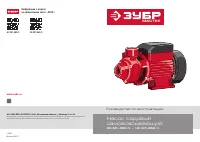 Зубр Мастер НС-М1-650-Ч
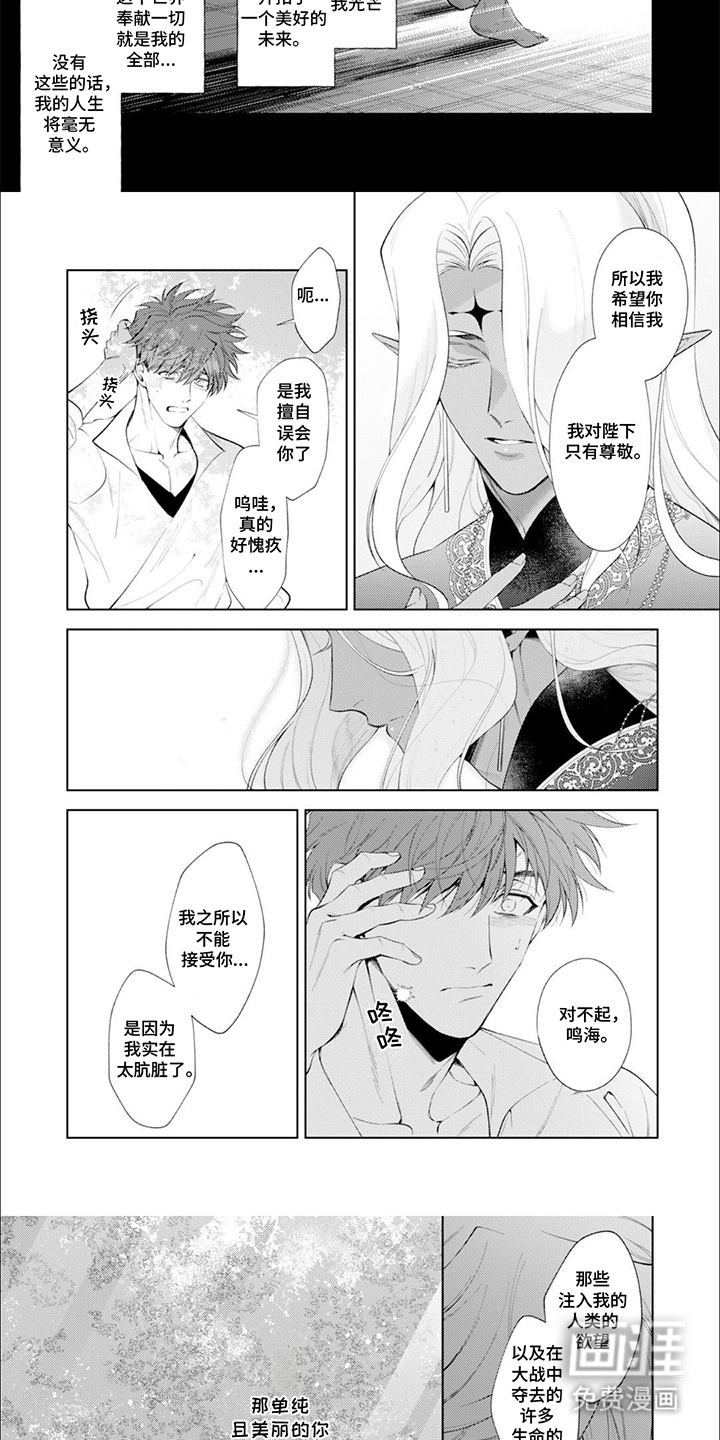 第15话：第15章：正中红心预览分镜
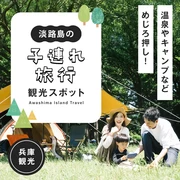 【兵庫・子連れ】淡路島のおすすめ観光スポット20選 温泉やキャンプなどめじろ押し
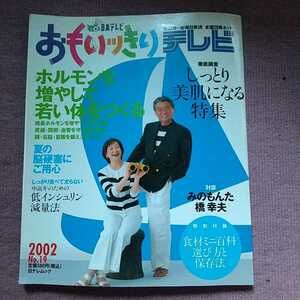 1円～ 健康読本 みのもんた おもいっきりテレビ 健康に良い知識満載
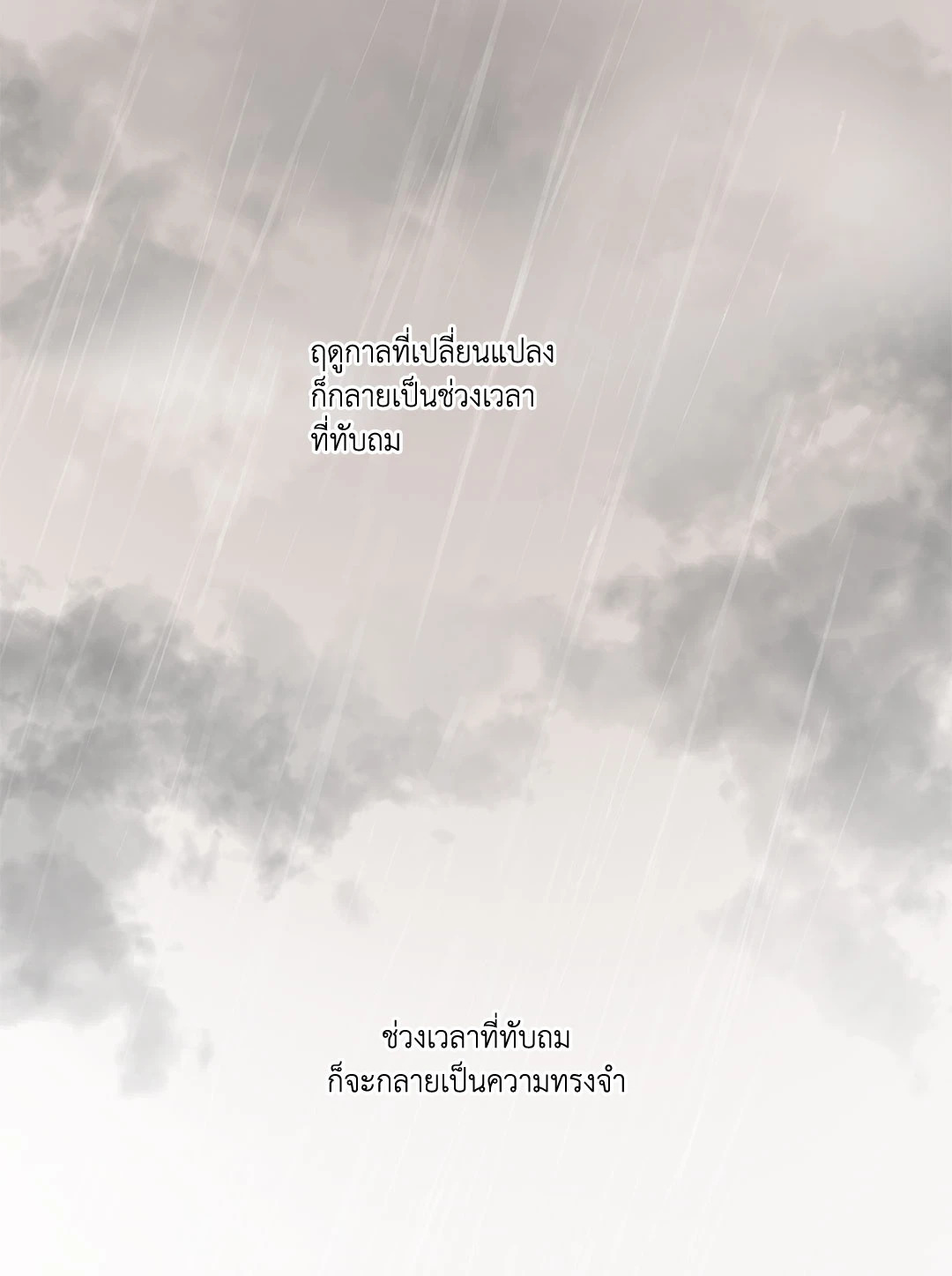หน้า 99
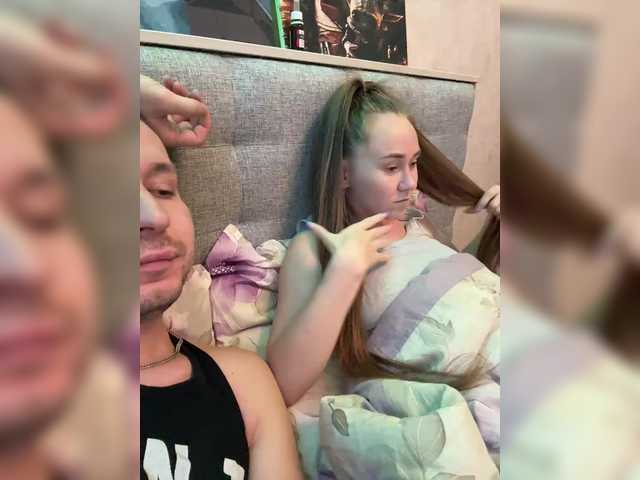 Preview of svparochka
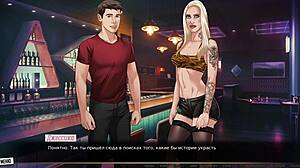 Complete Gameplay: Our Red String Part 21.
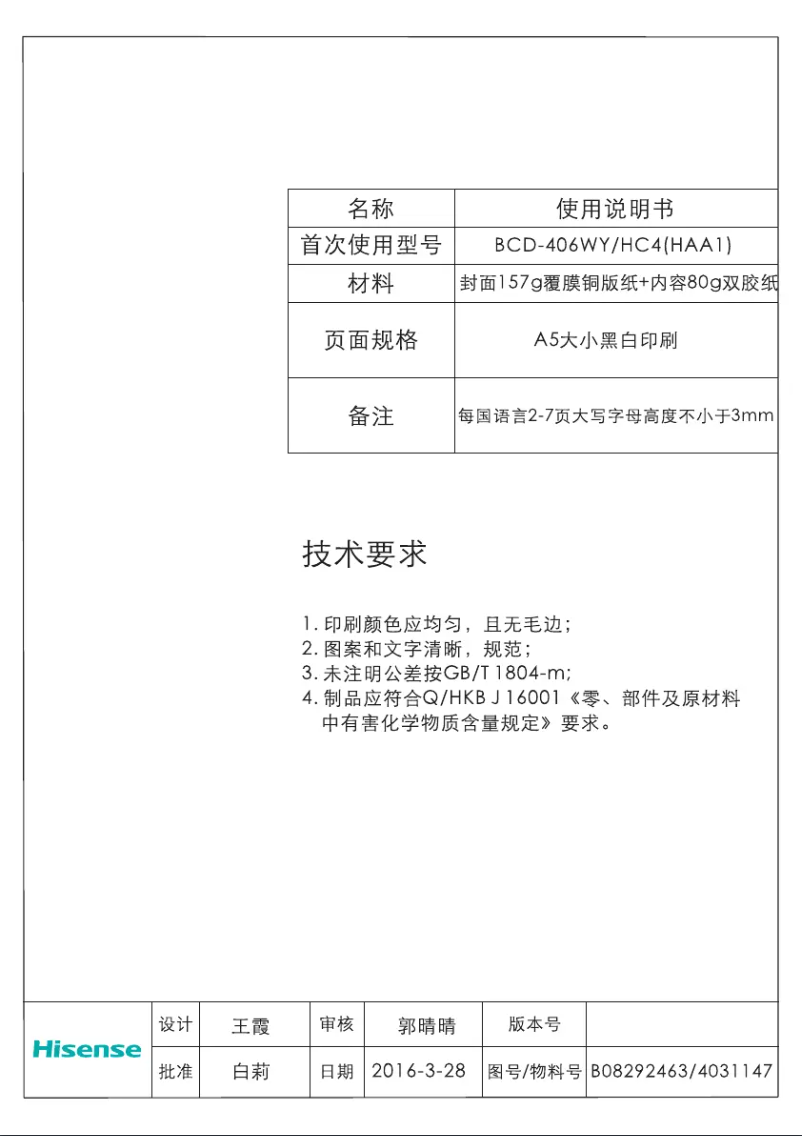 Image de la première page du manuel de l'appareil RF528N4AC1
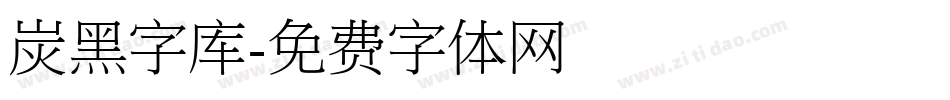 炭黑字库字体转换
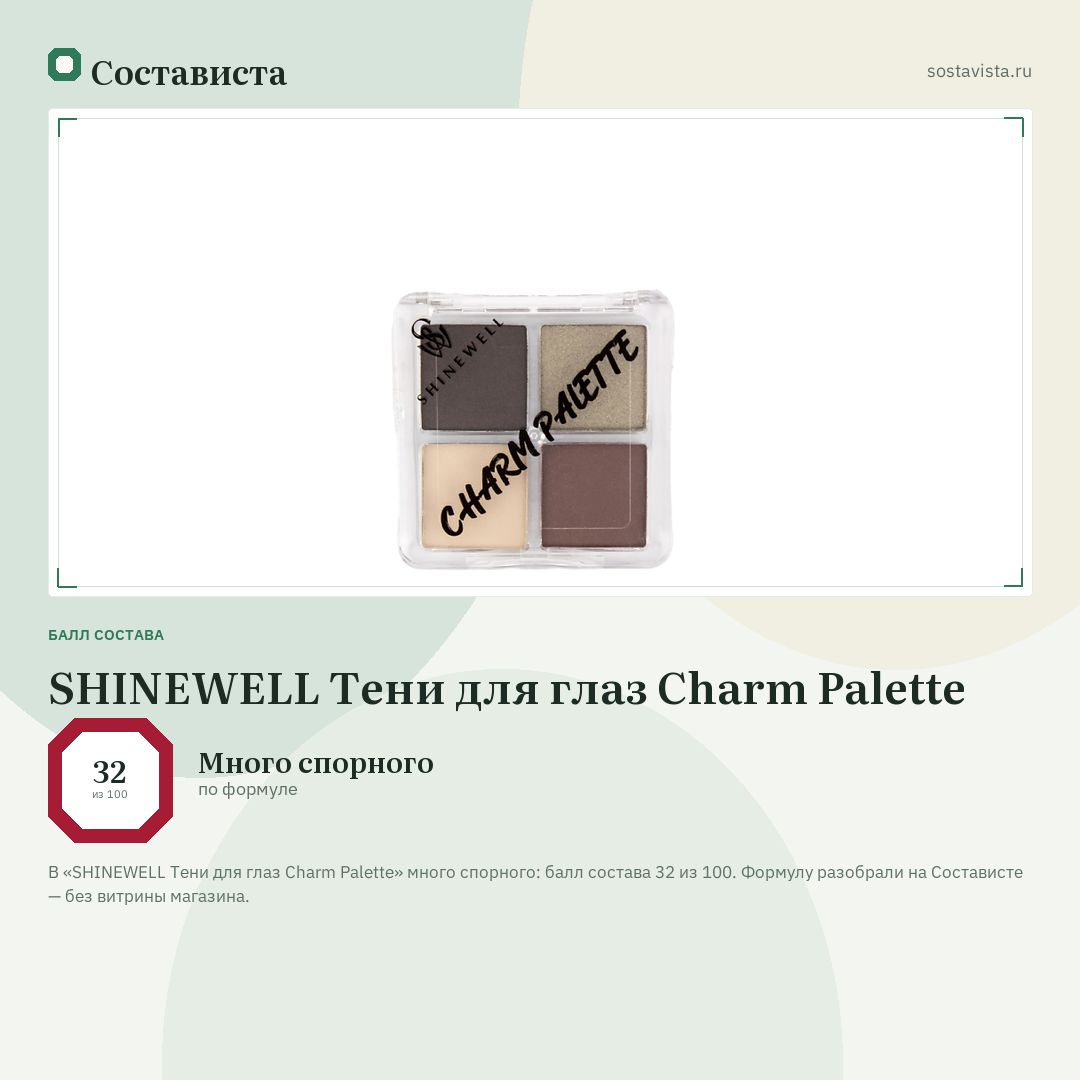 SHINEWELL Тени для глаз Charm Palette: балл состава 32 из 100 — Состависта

··········

Once the pictures are removed, write out all of the entries above exactly.

* [WORKED SOLUTION]
 Зубр Мастер НС-М1-650-Ч
 第15话：第15章：正中红心预览分镜
 【兵庫・子連れ】淡路島のおすすめ観光スポット20選 温泉やキャンプなどめじろ押し
 1円～ 健康読本 みのもんた おもいっきりテレビ 健康に良い知識満載
หน้า 99
 Preview of svparochka
 Complete Gameplay: Our Red String Part 21.
 Image de la première page du manuel de l'appareil RF528N4AC1
 炭黑字库字体转换
 SHINEWELL Тени для глаз Charm Palette: балл состава 32 из 100 — Состависта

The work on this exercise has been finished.